A lo largo de la historia del cristianismo, se procuró una y otra vez imitar este modo de vida, especialmente en las comunidades religiosas y monásticas. Hasta hoy en día sucede así, también en algunas comunidades más recientes. No siempre es fácil corresponder a estos elevados estándares, porque la naturaleza humana suele buscar la seguridad en las posesiones materiales. Por eso, la búsqueda de la santidad tiene que estar como fundamento, para refrenar las inclinaciones de nuestra naturaleza. Pero hasta el día de hoy la propiedad comunitaria, cuando es voluntaria y movida por el amor, sigue irradiando esa luz que resplandecía en la primera comunidad cristiana.
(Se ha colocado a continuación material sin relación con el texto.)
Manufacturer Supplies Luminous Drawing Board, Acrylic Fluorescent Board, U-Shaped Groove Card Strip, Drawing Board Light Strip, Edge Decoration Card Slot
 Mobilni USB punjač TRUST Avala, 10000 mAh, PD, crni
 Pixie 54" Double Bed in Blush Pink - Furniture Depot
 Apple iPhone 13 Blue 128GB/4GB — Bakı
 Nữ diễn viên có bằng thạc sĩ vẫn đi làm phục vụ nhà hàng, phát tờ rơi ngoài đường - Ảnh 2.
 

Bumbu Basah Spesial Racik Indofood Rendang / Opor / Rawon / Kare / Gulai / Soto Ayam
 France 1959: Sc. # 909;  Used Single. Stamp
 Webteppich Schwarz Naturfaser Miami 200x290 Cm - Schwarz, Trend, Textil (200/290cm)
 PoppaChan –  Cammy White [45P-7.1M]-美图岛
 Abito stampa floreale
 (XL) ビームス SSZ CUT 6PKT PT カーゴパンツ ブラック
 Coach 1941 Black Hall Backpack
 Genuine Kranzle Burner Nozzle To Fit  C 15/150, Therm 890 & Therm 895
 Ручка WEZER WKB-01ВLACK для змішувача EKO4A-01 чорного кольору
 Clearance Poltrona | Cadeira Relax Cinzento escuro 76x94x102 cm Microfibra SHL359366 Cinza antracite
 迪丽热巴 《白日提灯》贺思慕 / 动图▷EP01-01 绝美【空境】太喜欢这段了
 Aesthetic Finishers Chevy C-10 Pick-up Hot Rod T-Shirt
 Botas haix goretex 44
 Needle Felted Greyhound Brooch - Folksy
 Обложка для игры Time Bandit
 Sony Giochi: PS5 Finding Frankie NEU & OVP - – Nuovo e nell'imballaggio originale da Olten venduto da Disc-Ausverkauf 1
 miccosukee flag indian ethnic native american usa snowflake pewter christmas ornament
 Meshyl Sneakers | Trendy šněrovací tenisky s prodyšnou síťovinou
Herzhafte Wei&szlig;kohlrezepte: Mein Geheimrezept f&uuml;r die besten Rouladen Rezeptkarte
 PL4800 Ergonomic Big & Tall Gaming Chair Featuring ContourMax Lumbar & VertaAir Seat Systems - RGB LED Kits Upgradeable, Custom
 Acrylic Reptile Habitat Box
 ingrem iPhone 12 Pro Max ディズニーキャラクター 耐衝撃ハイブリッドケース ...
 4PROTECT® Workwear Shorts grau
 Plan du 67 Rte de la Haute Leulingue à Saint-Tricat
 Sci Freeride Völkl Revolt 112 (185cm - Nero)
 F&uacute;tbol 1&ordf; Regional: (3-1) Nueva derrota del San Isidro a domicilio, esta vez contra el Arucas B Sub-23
En medio de esta nueva forma de vida de aquella familia espiritual que había surgido, los apóstoles proclamaban con fuerza la Resurrección del Señor. Así, pues, no es de sorprender que hubiera tantas personas que se veían atraídas por su testimonio. Por una parte, escuchaban la palabra llena de autoridad de los apóstoles, anunciada con la fuerza del Espíritu Santo; y, por otra parte, veían el ejemplo de la vida cristiana en todo el esplendor del primer amor. En este caso, existía una total coherencia entre la palabra y el testimonio de vida.
El ejemplo de la comunidad primitiva como un fruto del Espíritu Santo, sigue actuando de diversas maneras hasta el día de hoy. Allí donde la comunidad cristiana tiene los ojos y el corazón abiertos, tanto a las necesidades de los pobres de entre ella, como también de la humanidad entera, allí puede actuar el Espíritu Santo, invitando a compartir. Si esto sucede, entonces sigue vivo el espíritu de la primera comunidad cristiana, y suscitará ejemplos siempre nuevos en los cuales se realice aquel voluntario compartir de bienes.